JOY: No doubt about it: Love, happiness and laughter are good for your physical health. A pity doctors don’t try to prescribe these much – even though pioneers like Patch Adams, MD have been promoting this sort of ‘medicine’ for some time now.

TEMPERANCE: Doctors have no problem in prescribing this. The problem is more about how to get patients to ‘take the medicine.’ Personally I feel that patients don’t often appreciate direct and unoriginal advice which they can experience as patronising and condescending. Thus they need another way of being persuaded to live healthier lives. More about this in a future post…

REPOSE: Ah, this is the one. How do we rest? How do we release stress? How do we stop being stressed in the first place? All doctors, especially GPs, know that a huge amount of the patients seeing them are suffering from problems either caused or at least exacerbated by stress. But what can they do about it? Tell patients to take it easy? Think that will work?

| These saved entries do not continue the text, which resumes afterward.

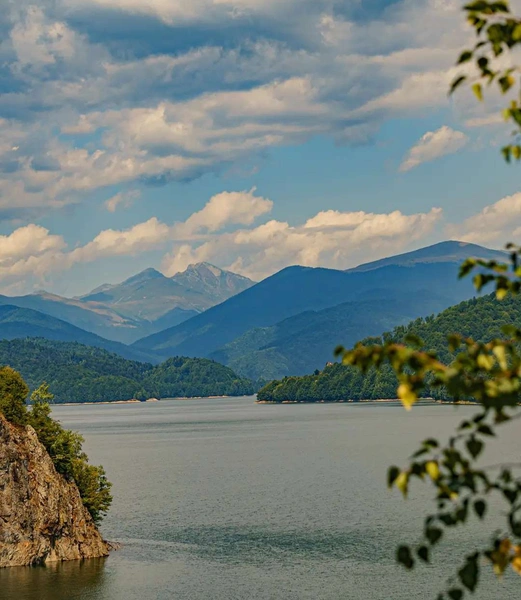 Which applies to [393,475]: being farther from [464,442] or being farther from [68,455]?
[68,455]

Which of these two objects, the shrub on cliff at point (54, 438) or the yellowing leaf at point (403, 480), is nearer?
the yellowing leaf at point (403, 480)

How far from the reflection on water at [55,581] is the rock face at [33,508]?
1.49 meters

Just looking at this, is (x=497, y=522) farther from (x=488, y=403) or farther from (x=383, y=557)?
(x=488, y=403)

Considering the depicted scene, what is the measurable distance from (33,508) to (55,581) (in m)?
7.67

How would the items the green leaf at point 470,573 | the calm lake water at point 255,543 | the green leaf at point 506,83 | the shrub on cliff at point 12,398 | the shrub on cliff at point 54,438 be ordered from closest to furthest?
1. the green leaf at point 470,573
2. the green leaf at point 506,83
3. the calm lake water at point 255,543
4. the shrub on cliff at point 12,398
5. the shrub on cliff at point 54,438

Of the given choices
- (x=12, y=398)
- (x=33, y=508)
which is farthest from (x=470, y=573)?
(x=12, y=398)

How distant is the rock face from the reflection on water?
149 centimetres

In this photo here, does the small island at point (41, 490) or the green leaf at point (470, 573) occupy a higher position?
the green leaf at point (470, 573)

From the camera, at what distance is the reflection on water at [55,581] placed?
78875 millimetres

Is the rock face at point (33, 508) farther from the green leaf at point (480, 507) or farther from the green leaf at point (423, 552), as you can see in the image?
the green leaf at point (480, 507)

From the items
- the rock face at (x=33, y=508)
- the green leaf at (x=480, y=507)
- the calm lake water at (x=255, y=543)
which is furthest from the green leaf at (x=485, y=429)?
the rock face at (x=33, y=508)

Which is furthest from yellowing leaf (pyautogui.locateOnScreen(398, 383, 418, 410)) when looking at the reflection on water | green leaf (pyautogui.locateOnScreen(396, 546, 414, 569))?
the reflection on water

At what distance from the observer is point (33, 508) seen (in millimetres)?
88188

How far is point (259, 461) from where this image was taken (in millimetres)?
184250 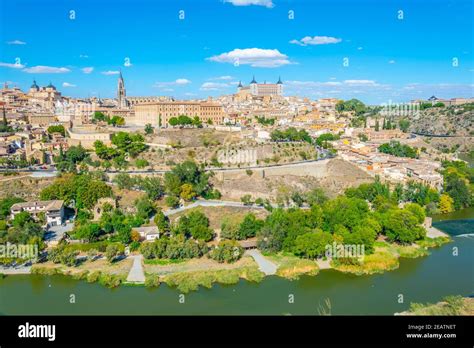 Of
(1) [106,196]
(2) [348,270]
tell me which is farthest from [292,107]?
(2) [348,270]

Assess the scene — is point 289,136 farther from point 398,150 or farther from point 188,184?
point 188,184

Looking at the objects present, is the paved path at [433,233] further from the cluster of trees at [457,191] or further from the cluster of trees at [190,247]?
the cluster of trees at [190,247]

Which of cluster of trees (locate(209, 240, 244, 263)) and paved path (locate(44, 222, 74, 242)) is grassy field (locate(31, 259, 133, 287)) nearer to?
paved path (locate(44, 222, 74, 242))

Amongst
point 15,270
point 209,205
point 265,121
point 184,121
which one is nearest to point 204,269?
point 209,205

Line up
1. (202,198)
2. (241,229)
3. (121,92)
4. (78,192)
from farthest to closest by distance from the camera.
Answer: (121,92)
(202,198)
(78,192)
(241,229)

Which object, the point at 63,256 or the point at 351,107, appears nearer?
the point at 63,256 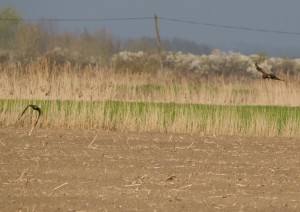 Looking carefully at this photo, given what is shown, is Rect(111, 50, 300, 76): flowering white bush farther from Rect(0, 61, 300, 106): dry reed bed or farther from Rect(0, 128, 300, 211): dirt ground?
Rect(0, 128, 300, 211): dirt ground

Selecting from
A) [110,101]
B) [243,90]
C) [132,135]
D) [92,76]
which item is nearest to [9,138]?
[132,135]

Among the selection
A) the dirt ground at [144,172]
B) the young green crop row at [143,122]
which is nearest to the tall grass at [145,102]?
the young green crop row at [143,122]

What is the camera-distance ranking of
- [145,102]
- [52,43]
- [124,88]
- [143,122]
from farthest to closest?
[52,43], [124,88], [145,102], [143,122]

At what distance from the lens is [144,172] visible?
1037 cm

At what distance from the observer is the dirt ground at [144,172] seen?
8602 mm

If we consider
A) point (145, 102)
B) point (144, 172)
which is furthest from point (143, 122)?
point (145, 102)

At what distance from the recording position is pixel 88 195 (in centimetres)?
884

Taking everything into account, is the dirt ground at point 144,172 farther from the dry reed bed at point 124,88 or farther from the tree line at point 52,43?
the tree line at point 52,43

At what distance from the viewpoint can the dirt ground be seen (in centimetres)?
860

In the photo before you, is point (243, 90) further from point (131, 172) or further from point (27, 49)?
point (27, 49)

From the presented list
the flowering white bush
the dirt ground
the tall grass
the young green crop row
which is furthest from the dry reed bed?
the flowering white bush

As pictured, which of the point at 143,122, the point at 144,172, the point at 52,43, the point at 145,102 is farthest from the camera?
the point at 52,43

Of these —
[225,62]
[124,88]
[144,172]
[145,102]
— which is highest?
[225,62]

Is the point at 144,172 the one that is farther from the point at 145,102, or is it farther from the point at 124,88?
the point at 124,88
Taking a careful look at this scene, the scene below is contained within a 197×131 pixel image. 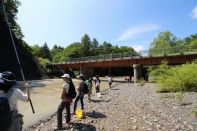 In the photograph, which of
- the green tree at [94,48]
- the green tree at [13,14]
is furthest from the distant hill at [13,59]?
the green tree at [94,48]

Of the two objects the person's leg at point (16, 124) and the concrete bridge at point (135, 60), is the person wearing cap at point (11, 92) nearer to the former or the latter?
the person's leg at point (16, 124)

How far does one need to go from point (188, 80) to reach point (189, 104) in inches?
338

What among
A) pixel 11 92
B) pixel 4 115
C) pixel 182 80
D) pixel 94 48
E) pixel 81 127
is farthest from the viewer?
pixel 94 48

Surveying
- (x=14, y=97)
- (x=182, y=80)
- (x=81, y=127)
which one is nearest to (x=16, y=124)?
(x=14, y=97)

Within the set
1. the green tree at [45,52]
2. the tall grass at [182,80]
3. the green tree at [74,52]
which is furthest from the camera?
the green tree at [74,52]

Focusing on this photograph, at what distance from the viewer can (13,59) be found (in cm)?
5662

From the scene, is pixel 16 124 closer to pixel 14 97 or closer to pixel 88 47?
pixel 14 97

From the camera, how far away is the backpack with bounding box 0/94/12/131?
5.72 meters

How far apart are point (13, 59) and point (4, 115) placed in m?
52.8

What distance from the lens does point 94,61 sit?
71.2 m

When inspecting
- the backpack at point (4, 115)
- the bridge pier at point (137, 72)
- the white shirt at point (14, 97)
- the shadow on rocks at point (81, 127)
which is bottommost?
the shadow on rocks at point (81, 127)

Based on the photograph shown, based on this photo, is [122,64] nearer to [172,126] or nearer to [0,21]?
[0,21]

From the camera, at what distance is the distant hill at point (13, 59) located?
178ft

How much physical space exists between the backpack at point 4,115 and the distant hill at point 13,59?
4842 cm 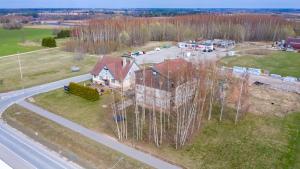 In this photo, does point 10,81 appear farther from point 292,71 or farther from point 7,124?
point 292,71

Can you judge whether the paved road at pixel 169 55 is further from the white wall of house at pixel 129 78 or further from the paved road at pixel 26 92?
the paved road at pixel 26 92

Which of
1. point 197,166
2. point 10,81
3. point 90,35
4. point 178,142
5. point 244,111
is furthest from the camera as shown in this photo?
point 90,35

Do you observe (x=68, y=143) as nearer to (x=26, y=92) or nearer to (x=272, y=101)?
(x=26, y=92)

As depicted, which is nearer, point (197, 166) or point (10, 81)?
point (197, 166)

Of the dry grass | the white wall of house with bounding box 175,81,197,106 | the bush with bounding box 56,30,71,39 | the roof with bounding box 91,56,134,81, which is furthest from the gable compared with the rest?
the bush with bounding box 56,30,71,39

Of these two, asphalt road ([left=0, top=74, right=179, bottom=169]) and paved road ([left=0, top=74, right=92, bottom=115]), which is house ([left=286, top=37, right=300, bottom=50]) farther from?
asphalt road ([left=0, top=74, right=179, bottom=169])

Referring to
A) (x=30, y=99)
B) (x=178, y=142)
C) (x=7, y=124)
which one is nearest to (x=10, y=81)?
(x=30, y=99) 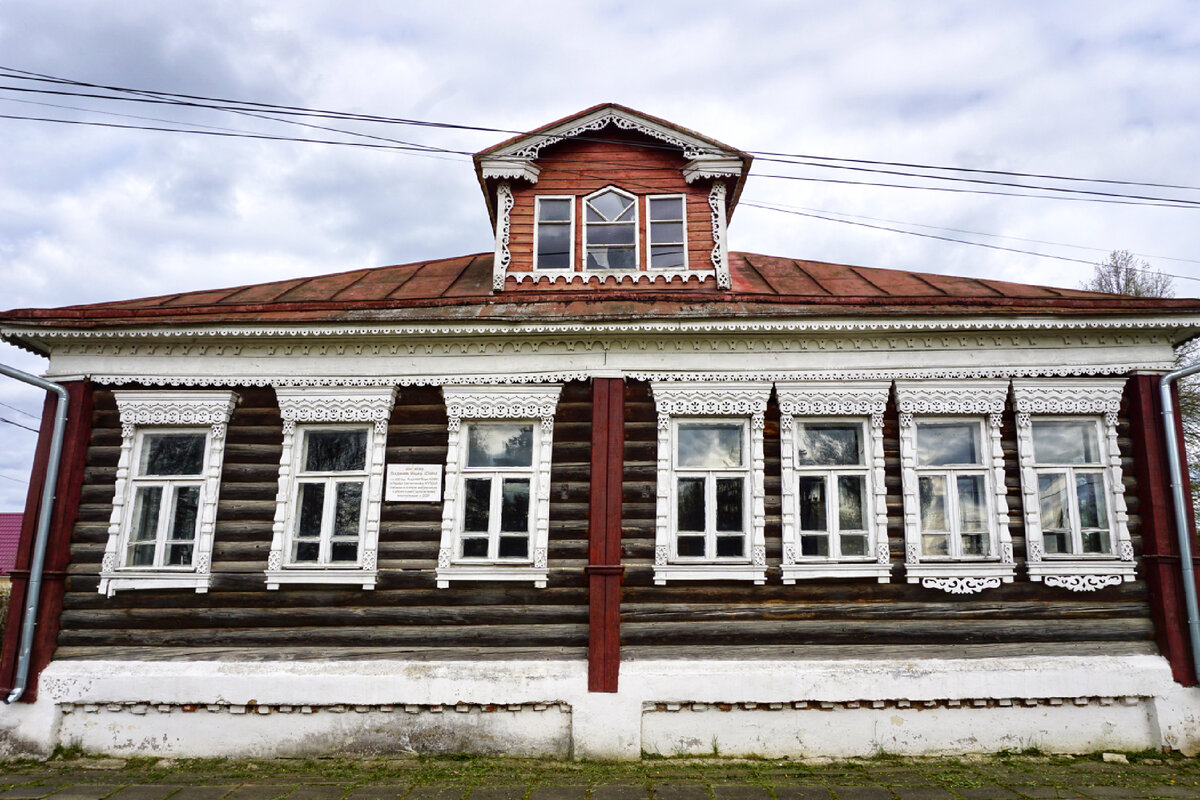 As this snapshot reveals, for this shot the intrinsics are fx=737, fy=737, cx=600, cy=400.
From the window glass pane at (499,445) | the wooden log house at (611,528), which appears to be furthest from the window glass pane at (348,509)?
the window glass pane at (499,445)

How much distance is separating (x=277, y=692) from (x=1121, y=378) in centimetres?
910

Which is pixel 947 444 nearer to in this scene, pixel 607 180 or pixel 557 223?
pixel 607 180

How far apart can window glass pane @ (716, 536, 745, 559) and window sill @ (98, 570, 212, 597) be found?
520 centimetres

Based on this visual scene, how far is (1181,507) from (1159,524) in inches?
9.9

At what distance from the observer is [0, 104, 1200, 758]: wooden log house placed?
7.12 m

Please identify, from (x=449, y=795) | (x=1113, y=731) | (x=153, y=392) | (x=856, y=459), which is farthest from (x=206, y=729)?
(x=1113, y=731)

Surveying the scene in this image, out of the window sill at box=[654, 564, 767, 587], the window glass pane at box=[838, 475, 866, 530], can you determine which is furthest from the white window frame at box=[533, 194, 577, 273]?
the window glass pane at box=[838, 475, 866, 530]

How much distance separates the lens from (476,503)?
7.68m

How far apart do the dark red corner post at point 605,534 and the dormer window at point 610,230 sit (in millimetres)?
1928

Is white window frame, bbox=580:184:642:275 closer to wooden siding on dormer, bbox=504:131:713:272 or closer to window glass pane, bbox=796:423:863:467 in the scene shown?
wooden siding on dormer, bbox=504:131:713:272

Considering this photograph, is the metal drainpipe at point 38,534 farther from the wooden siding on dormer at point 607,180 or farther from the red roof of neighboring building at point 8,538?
the red roof of neighboring building at point 8,538

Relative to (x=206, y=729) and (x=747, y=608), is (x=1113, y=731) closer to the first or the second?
(x=747, y=608)

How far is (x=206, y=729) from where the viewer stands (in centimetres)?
717

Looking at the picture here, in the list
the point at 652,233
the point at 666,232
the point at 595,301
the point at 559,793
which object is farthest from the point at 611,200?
the point at 559,793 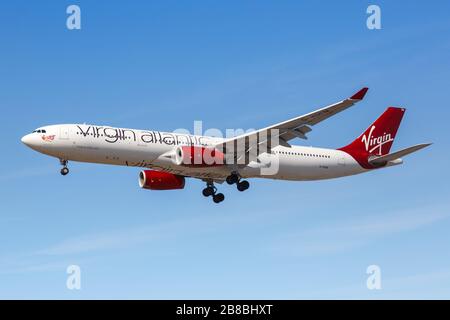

Fortunately there is something doctors can do about this. Autogenic Therapy is a marvellously effective method of reducing stress. It takes a bit of dedication by the patient but is easy to learn. Just look at what Prof. Edzard Ernst (a man with whom I totally disagree with on so many things, not least homeopathy being available on the NHS) has to say about it in this article written some years ago. I totally agree with every word he writes here. It is a huge pity that he has become well known for trying to ‘debunk’ various forms of holistic medicine and being part of the movement to thwart Britain's GPs from being able to send patients to NHS homeopathic clinics than for his open endorsement of Autogenic Therapy.

Anyway you can get an excellent eight session course in Autogenic Therapy on the NHS at the Royal London Homeopathic Hospital (See Prof. Ernst, where else would you get Autogenic Therapy on the NHS if it were not for the RLHH? Can this possibly be a hospital you would like to have removed from the NHS?). To get Autogenic Therapy on the NHS you will need a referral from your GP, but even without that, you can still attend a course there privately at a hugely discounted rate compared to private practice.